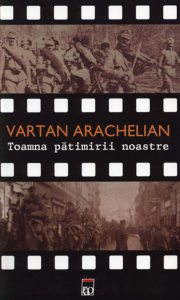 Toamna patimirii noastre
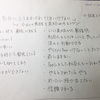 「気分に振り回されてはいけない」〜社会人の常識と思っていたらビリーフだった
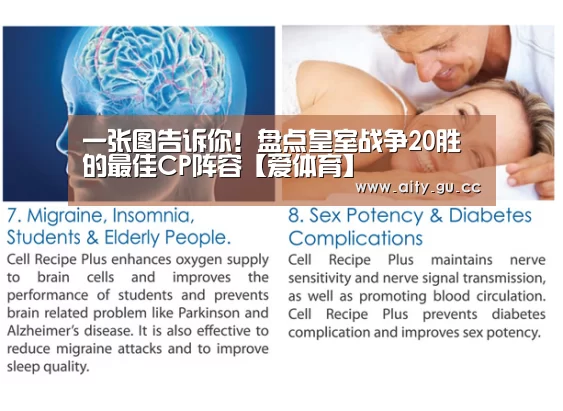 爱体育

◇ ◇ ◇

TASK TO COMPLETE: Line for line, retype the material exactly, omitting any pictures.

OUTPUT FOR THIS TASK:
 Toamna patimirii noastre
 「気分に振り回されてはいけない」〜社会人の常識と思っていたらビリーフだった
 爱体育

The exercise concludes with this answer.